We departed here about12:45, and after a trip to the home center for more wiring supplies, headed to Portland to the tile store.  As we approached, I didn't see any cars in the lot.  Uh-oh.  It turned out they closed at 2.  (It was 3 PM now.)  What an idiot!  We salvaged the afternoon by going to the lighting store instead.


Nice sunrise today.
I began the day running 12/2 wiring to the receptacle boxes upstairs.  I believe I ended up with 3, or perhaps 4, circuits.  Three, I think, which was fewer than I had expected for some reason.  In any event, I ran a couple of the circuits through the interior plumbing wet wall at the back of the house, and then ran the additional one through the interior stud walls next to the staircase.

With all the receptacles wires throughout the house, it was time for me to move on to the lighting circuits.  I didn't have a firm lighting plan, but had made a general list--both on paper and in my head--and now I needed to bring it together somehow, and try not to forget anything.  For lighting circuits, I chose the slightly smaller 14/2 wiring size, which is much easier to work with than the 12/2.

Lighting circuits are complicated by the need for switches.  In a log cabin, with the solid exterior walls and exposed beam ceilings, providing switches for all the lighting becomes even more challenging.   During log construction, I had decided against installing most of the switches in any of the log walls, planning instead on a sort of "control center" on the interior stair wall.  Despite the extra long runs required to bring most of the lighting circuits through this wall, I figured it would be more convenient than having to run so many wires into the log walls, particularly at switch height.

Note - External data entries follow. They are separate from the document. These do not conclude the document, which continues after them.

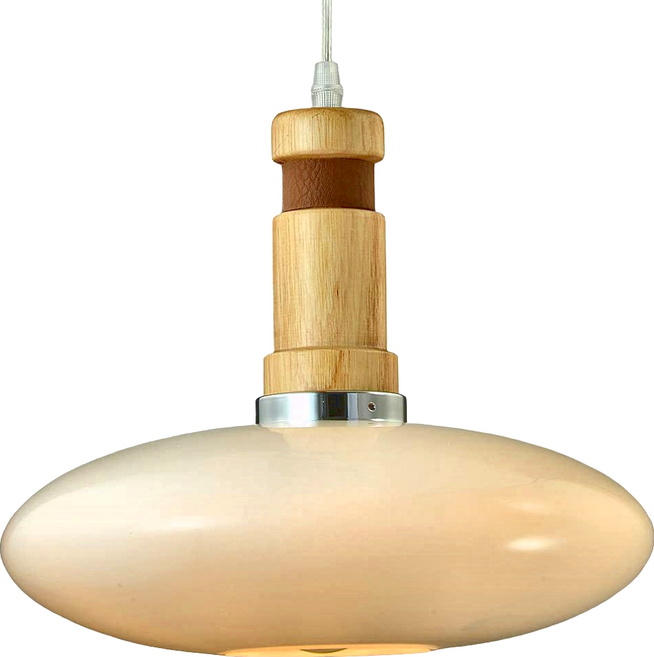 Honey Comb 北歐白玉玻璃單吊燈 簡約設計 適用客廳、餐廳、臥室 營造溫馨氛圍, 原木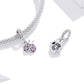 Silver charm bracelet with oxidized ladybug pendant on a rhinestone chain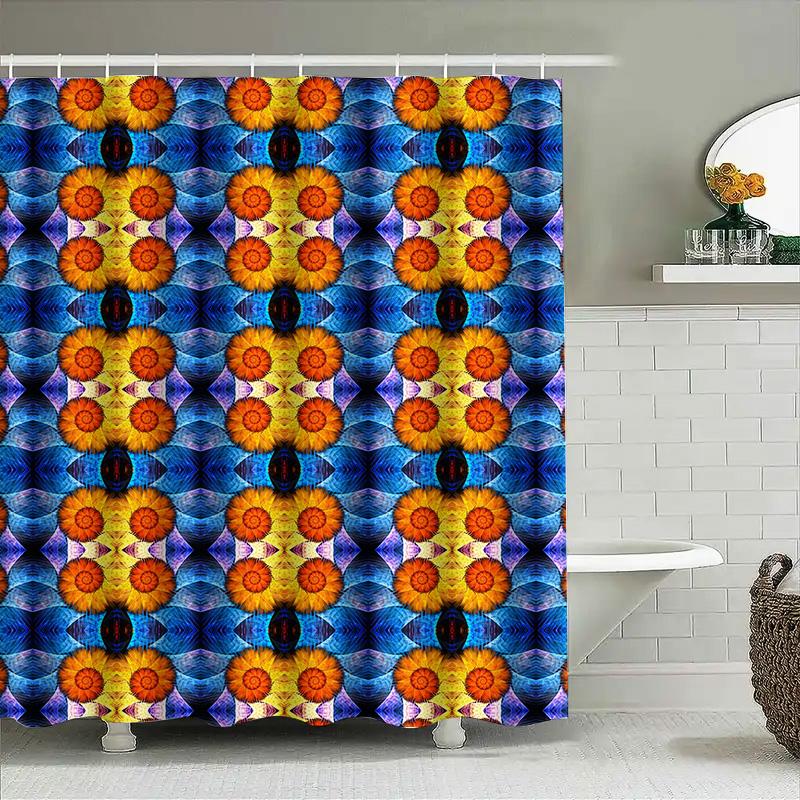 Kaleidoscope Shower Curtain Blue Orange Floral Bath Decorative Polyester Waterproof Window Coverings For Bathroom Tiles Backspla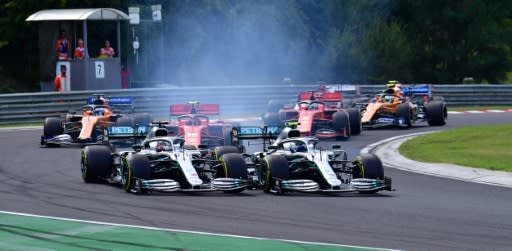 Mercedes teammates Lewis Hamilton and Valtteri Bottas at the Hungarian Grand Prix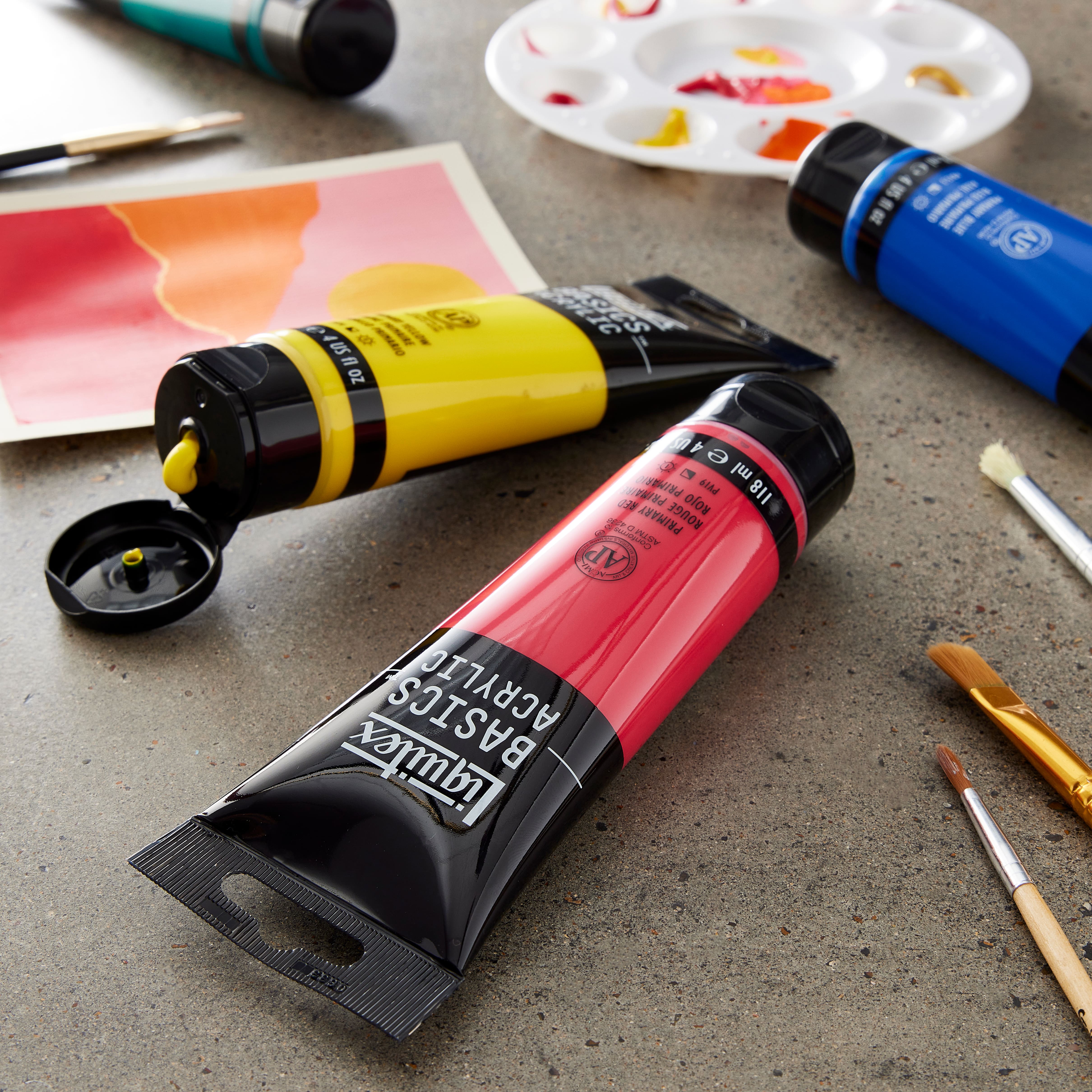 Product Review - Liquitex Basics Acrylic Paint Set, Primary Color Mixing  Blue+Red=Purple 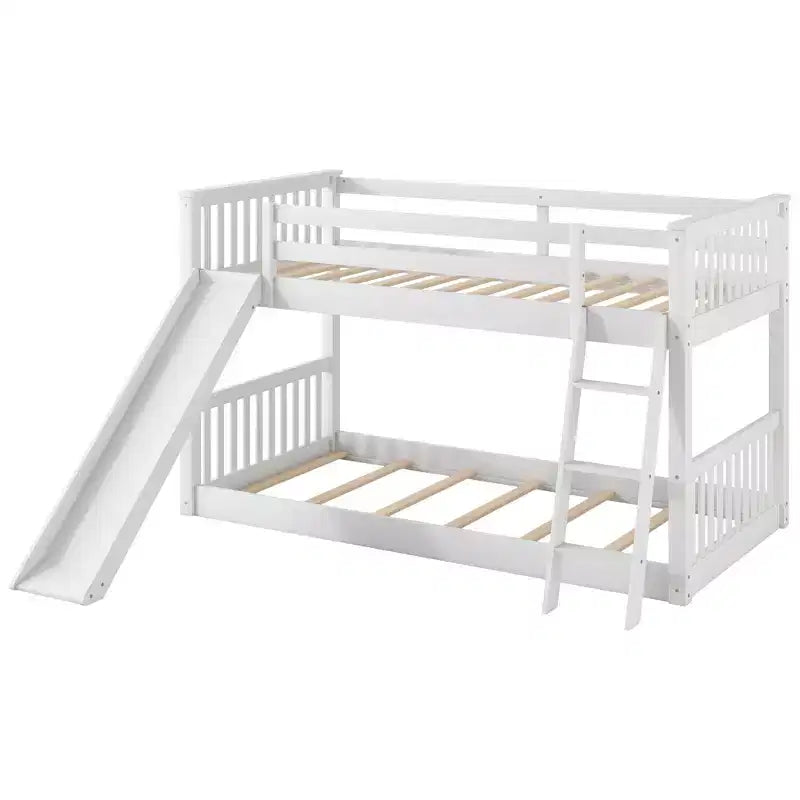 Lits superposés pour enfants, lit superposé jumeau sur jumeau avec toboggan convertible, cadre de lit superposé bas en bois pour tout-petits et adolescents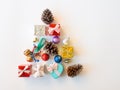 christmas gift box,golden glister ball and pine cone in tree shape.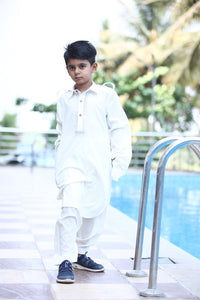 Boys Dazzling Snowflake Pathani Kurta Set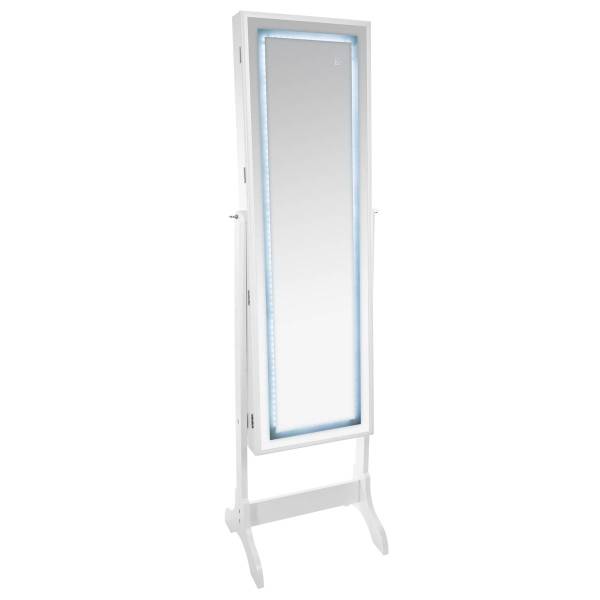 LED-Schmuckschrank BETTANY Weiß - Holzwerkstoff - 37 x 148 x 47 cm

I ran wires to several of the planned fixtures in the master bedroom upstairs, including wires to the lights in the ceiling of Heidi's office below.  These required pulling wires through the wire chases that I routed in the tops of the floor joists during construction several months ago, using the pull strings that I left in place.  Since these lights were on a single circuit, each location required two wires--one for power in, one to lead power to the next fixture in the line. 

Pulling a pair of wires through the tight chase was a bit of a chore and required many trips up and down the stairs, as I had to both pull the messenger line from beneath and also push the wires from the top, lest I overtax the string and possibly break it (not likely, given the strength of the string) or, more likely, pull it from the tape securing it to the wires.  Eventually, I succeeded, but it was a long process.

However, I discovered later in the afternoon that I had managed a bonehead move:  I had daisy-chained the wires to the craft room lights with some of the other lights in the master bedroom...which I couldn't do, since the lights in the room below needed to be switched on and off from that room, of course.  I must have still been in "receptacle mode".  Oops.

By the time I noticed this blatant error, I had of course already secured all the wires that I had run with multiple wire clamps, and besides:   I was certainly not about to pull those wires out of their hard-one chases.  Still, I needed these wires to run through a switch box in Heidi's office.  Therefore, I had no choice but to run a new wire to the craft room lights through a switch box in the craft room below, which meant I would need to create a splice in a junction box in the master bedroom above.  I prefer to avoid splicing and junction boxes, but there was no other choice here.  Of course, I had no junction boxes on hand, so I put them on the list for my next trip out into the world.  No real harm done...but I kicked myself for this idiotic and avoidable error. 

Fortunately, I had plenty of extra wire already in the circuit right nearby, as I had planned a wall fixture above and had left a small coil of wire there, not knowing exactly where it would end up.  I pulled this wire out of the wall and left it on the floor so that I'd remember to create the junction box later.  I'd also need to run a short length of new wire to connect the other lighting fixtures.

Running the new circuit and additional wire took up the last part of the afternoon.  By now, after 11 hours, I had been up and down the two sets of stairs in the house dozens of times, and between that and the constant kneeling and up and down, I felt like I'd biked the Tour de France.  I figured I'd recover by the morning, though.


The white pipe is done!

It took me much of the morning to finish laying out the remaining vents and drains for the upstairs bath fixtures.  Working from the downstairs bathroom, I continued where I left off yesterday and managed to get everything fit together dry.  Then, I had to mark everything and dismantle the pipes so that I could glue all the joints.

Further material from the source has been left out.